- _THE PROBLEM_:
Repeat the data that follows exactly, starting at the line with "The 2015 Honda" and ending at the line with "Flex had several", and leave out every picture.
----- DATA EXCERPTS
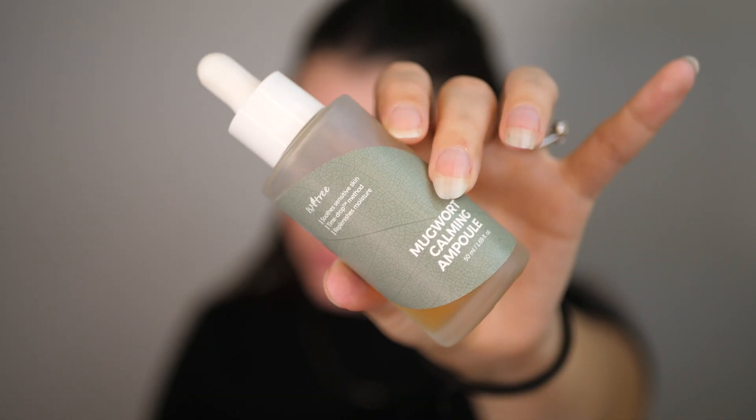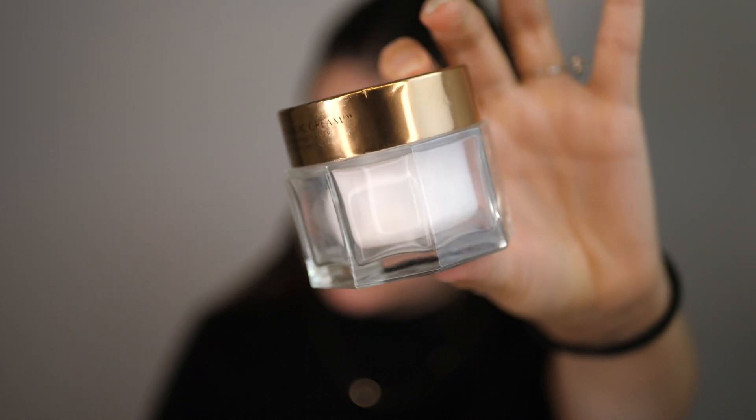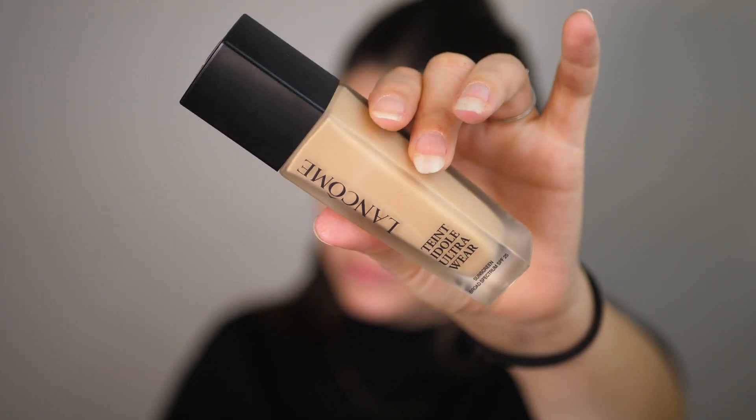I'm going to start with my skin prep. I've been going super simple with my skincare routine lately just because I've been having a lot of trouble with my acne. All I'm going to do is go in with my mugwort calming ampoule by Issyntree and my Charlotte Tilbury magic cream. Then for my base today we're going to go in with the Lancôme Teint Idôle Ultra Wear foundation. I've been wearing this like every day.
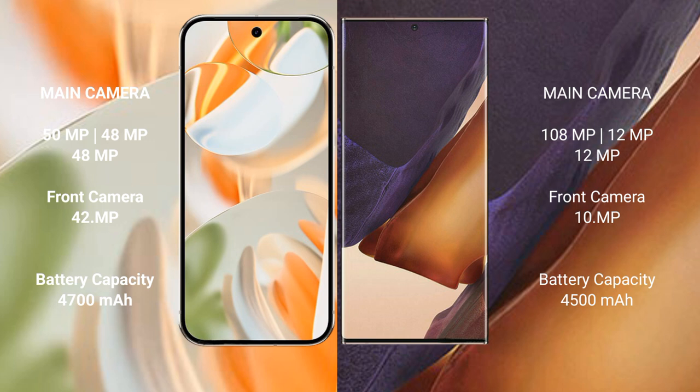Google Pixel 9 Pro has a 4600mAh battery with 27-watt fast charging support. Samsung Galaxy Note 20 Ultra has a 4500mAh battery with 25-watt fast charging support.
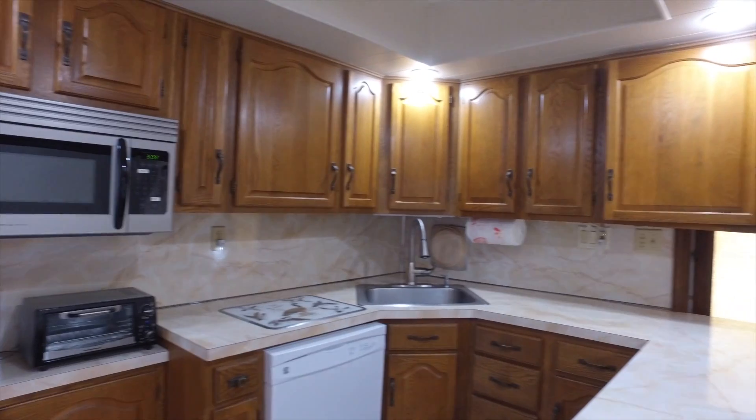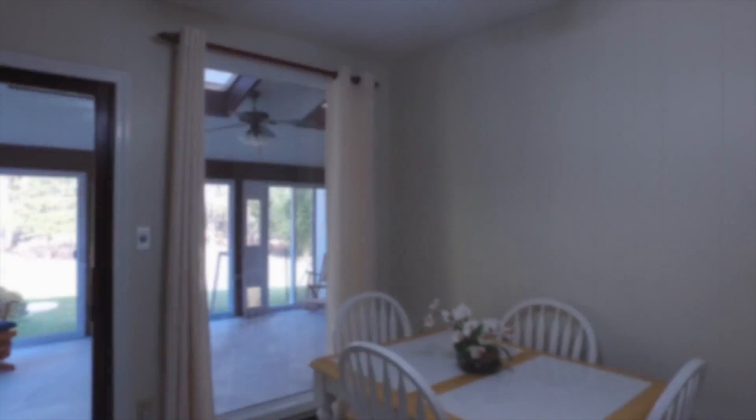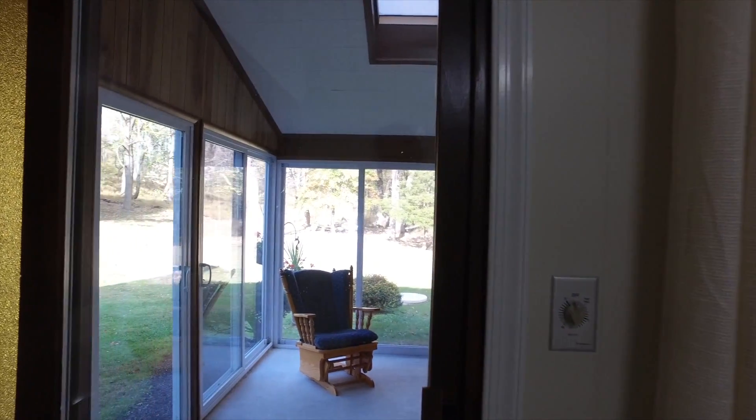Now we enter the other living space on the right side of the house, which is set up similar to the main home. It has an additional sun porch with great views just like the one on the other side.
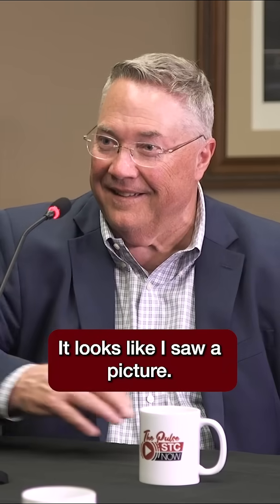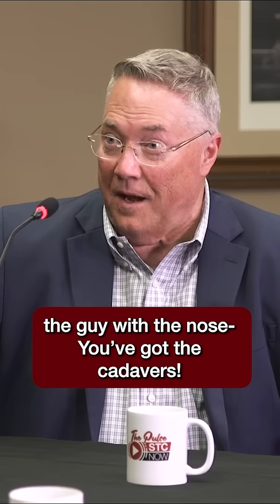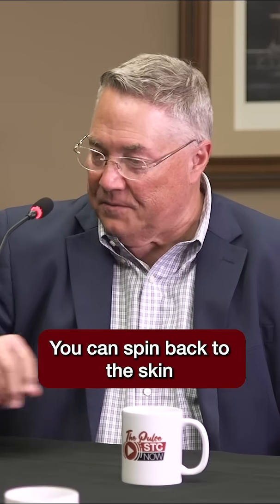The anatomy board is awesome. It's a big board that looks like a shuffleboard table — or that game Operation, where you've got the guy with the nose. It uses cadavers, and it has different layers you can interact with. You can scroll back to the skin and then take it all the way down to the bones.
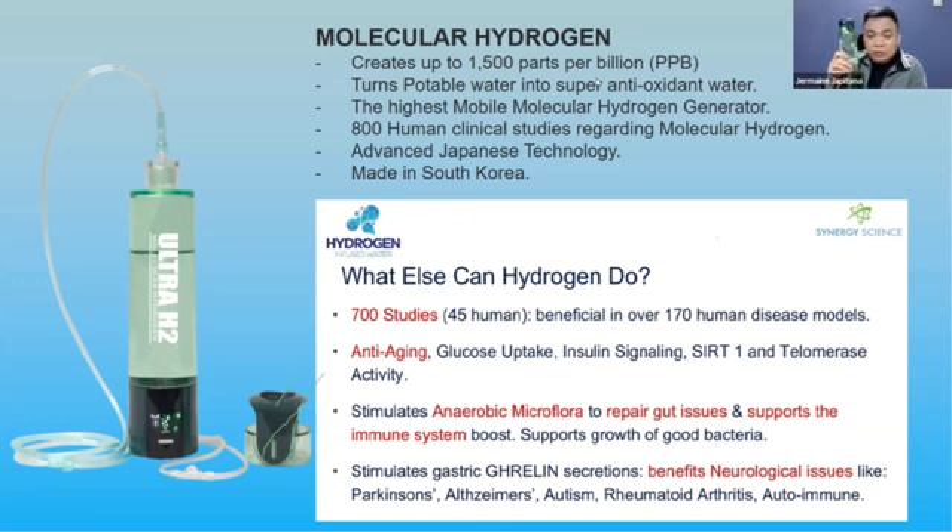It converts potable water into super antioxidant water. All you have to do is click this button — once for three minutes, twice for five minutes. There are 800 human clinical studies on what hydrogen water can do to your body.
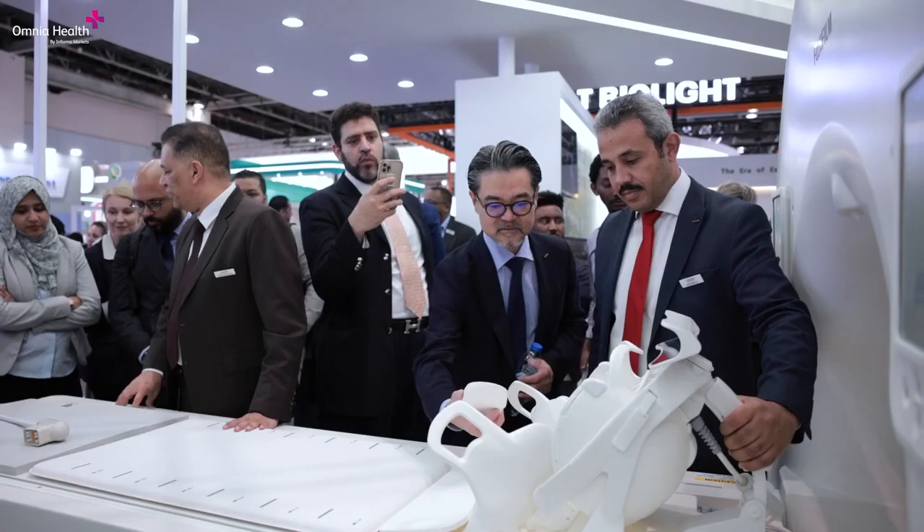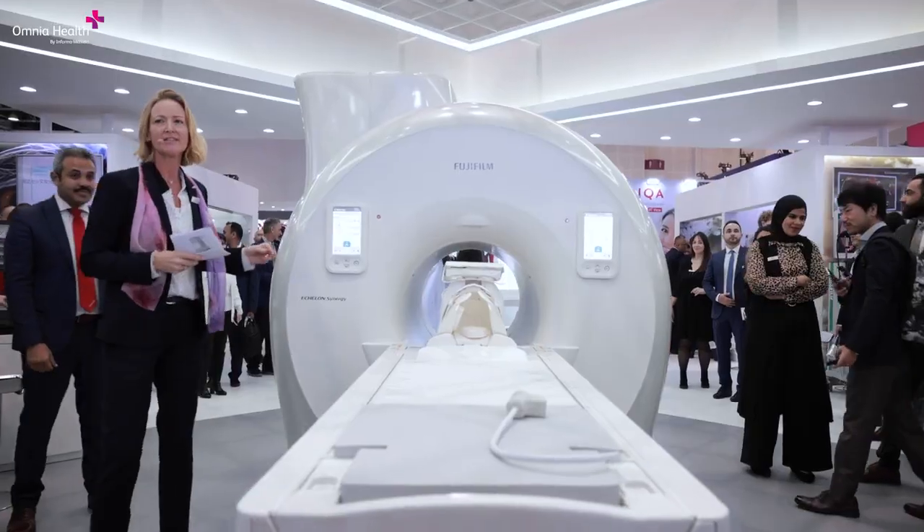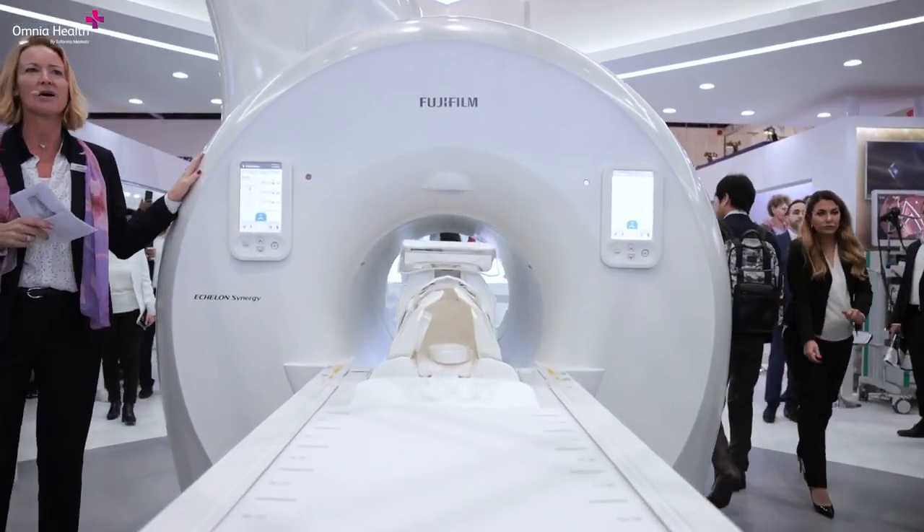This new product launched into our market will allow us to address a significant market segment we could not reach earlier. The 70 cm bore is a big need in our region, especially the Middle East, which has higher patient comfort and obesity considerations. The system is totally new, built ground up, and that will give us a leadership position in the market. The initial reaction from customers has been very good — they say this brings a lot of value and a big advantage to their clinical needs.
----------
----- DATA EXCERPTS
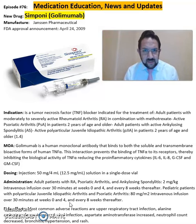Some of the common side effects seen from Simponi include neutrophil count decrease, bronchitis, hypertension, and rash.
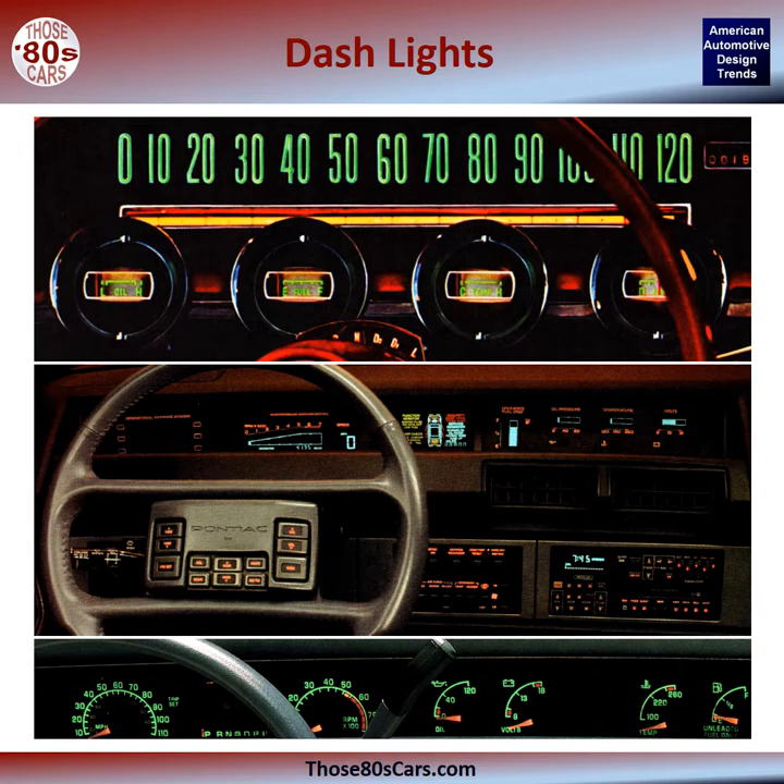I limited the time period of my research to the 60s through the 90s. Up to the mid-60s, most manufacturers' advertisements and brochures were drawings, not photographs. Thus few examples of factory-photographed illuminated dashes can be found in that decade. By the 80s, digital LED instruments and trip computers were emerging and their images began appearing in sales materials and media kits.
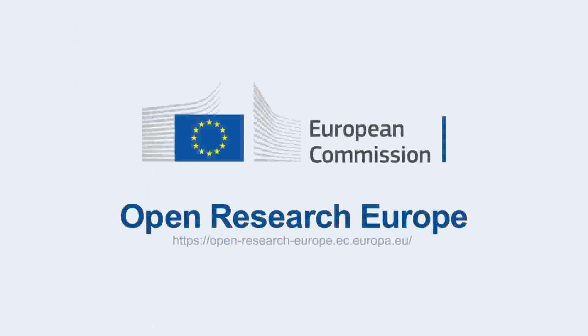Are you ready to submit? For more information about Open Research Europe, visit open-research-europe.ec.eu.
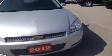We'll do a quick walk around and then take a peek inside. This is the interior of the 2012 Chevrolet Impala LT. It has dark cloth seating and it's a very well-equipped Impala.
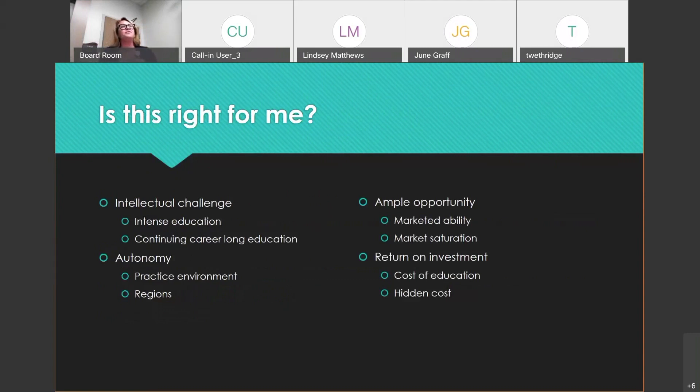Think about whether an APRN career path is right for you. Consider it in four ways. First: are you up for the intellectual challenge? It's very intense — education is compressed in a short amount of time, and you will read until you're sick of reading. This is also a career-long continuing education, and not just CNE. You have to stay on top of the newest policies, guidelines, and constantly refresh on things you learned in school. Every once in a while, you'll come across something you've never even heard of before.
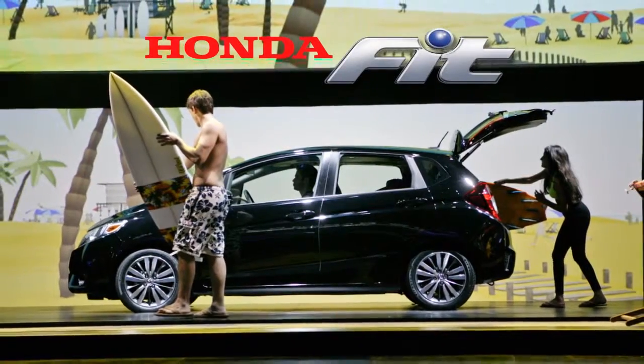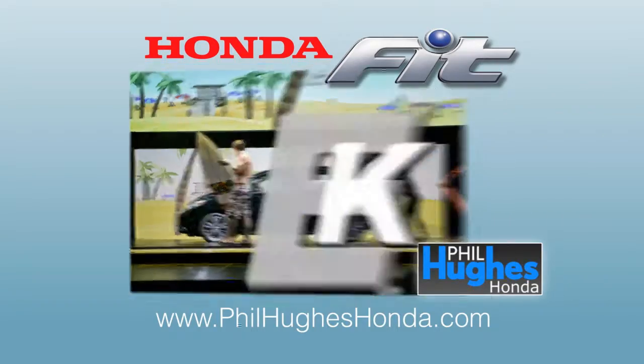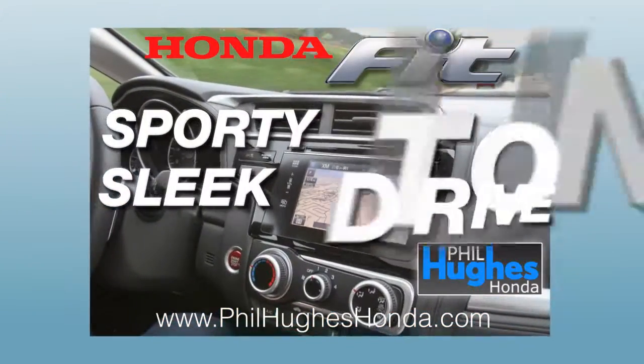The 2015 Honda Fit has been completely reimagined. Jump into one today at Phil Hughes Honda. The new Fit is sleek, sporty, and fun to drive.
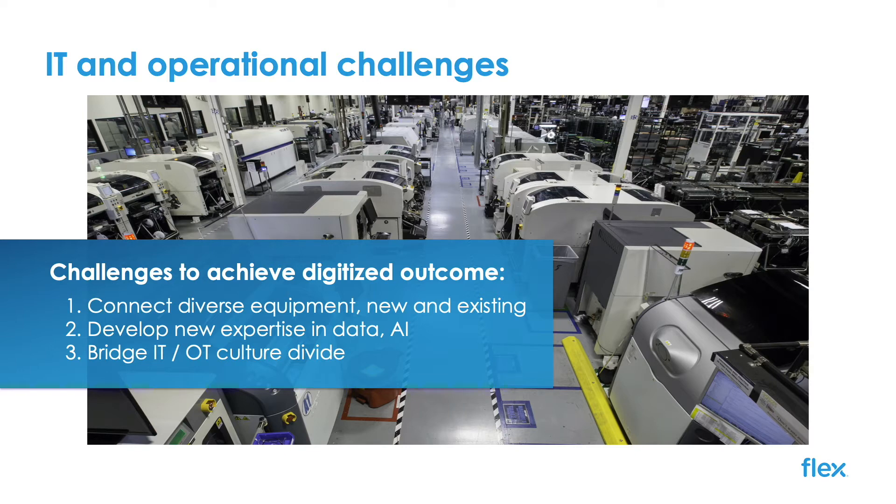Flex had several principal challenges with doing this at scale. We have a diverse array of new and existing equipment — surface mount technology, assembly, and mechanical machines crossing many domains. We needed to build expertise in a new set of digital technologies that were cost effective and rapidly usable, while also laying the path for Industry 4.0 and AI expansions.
----------
- _SOLUTION BELOW_:
The 2015 Honda Fit has been completely reimagined. Jump into one today at Phil Hughes Honda. The new Fit is sleek, sporty, and fun to drive.
Flex had several principal challenges with doing this at scale. We have a diverse array of new and existing equipment — surface mount technology, assembly, and mechanical machines crossing many domains. We needed to build expertise in a new set of digital technologies that were cost effective and rapidly usable, while also laying the path for Industry 4.0 and AI expansions.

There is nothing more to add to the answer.